En la vasta gastronomía mexicana, la papa ocupa un lugar privilegiado, presente desde los antojitos más sencillos hasta los platillos más elaborados de la alta cocina. Sin embargo, este tubérculo ha cargado durante décadas con el estigma de ser un enemigo de la dieta y un promotor directo del sobrepeso. Recientes análisis nutricionales buscan romper este mito, señalando que la papa, por sí sola, es un alimento altamente nutritivo y sorprendentemente bajo en calorías.

La realidad científica es que una papa de tamaño mediano, cocida al vapor o hervida, aporta aproximadamente 160 calorías y prácticamente cero gramos de grasa. Además, es una fuente importante de carbohidratos complejos, potasio, vitamina C y fibra, especialmente si se consume con cáscara. El problema, según coinciden especialistas en salud, no reside en el vegetal en sí, sino en la técnica culinaria que se elige para llevarlo a la mesa.

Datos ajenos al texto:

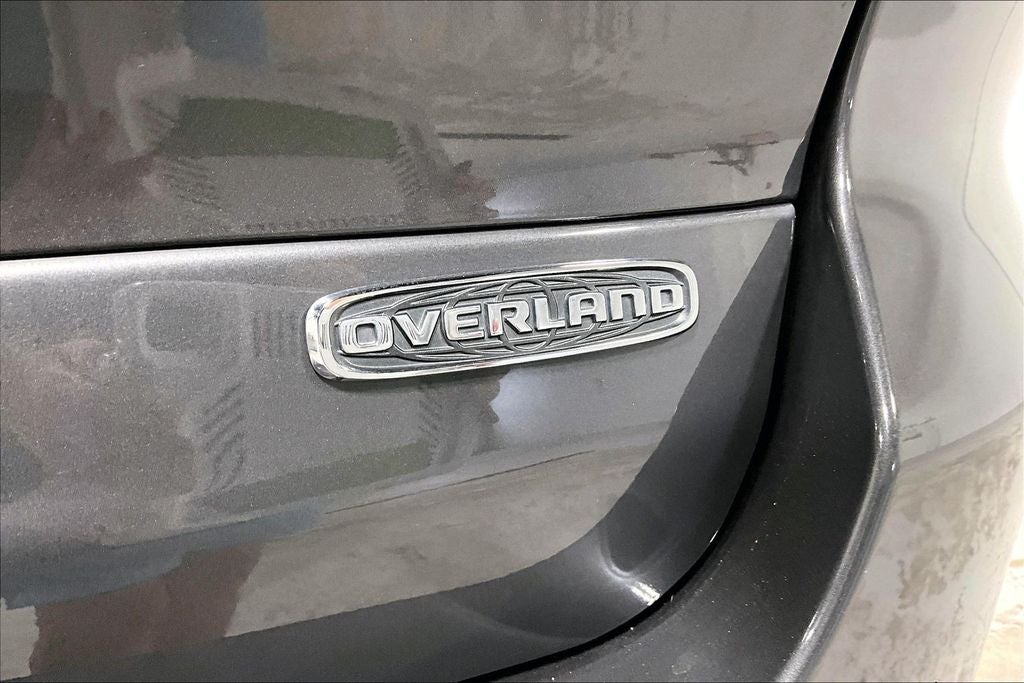 2021 Jeep Grand Cherokee L Overland 4x2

En México, es común que la papa se consuma frita, en forma de guarniciones industriales o acompañada de ingredientes densos en calorías como mantequilla, crema, queso o embutidos. Cuando una papa se somete a una fritura profunda, como ocurre con las populares papas a la francesa o las frituras de bolsa, su contenido calórico se dispara drásticamente debido a la absorción de grasas saturadas. Es esta transformación la que genera el aumento de peso y no el valor nutricional intrínseco del tubérculo.

Para aprovechar los beneficios de este ingrediente esencial de la canasta básica sin comprometer la salud metabólica, la recomendación es optar por métodos de cocción más saludables. El horneado, la cocción al vapor o el asado permiten mantener la integridad de sus nutrientes y su capacidad de saciedad sin añadir lípidos innecesarios. Al ser un carbohidrato de absorción lenta, puede ser un excelente aliado para mantener los niveles de energía estables durante el día.

En conclusión, desterrar a la papa de la alimentación diaria basándose en el mito del aumento de peso podría privar al consumidor de una fuente económica y accesible de vitaminas y minerales. La clave, como en gran parte de la nutrición, se encuentra en el equilibrio: moderar las porciones y priorizar las preparaciones naturales sobre las procesadas para mantener una dieta balanceada y saludable en el contexto mexicano.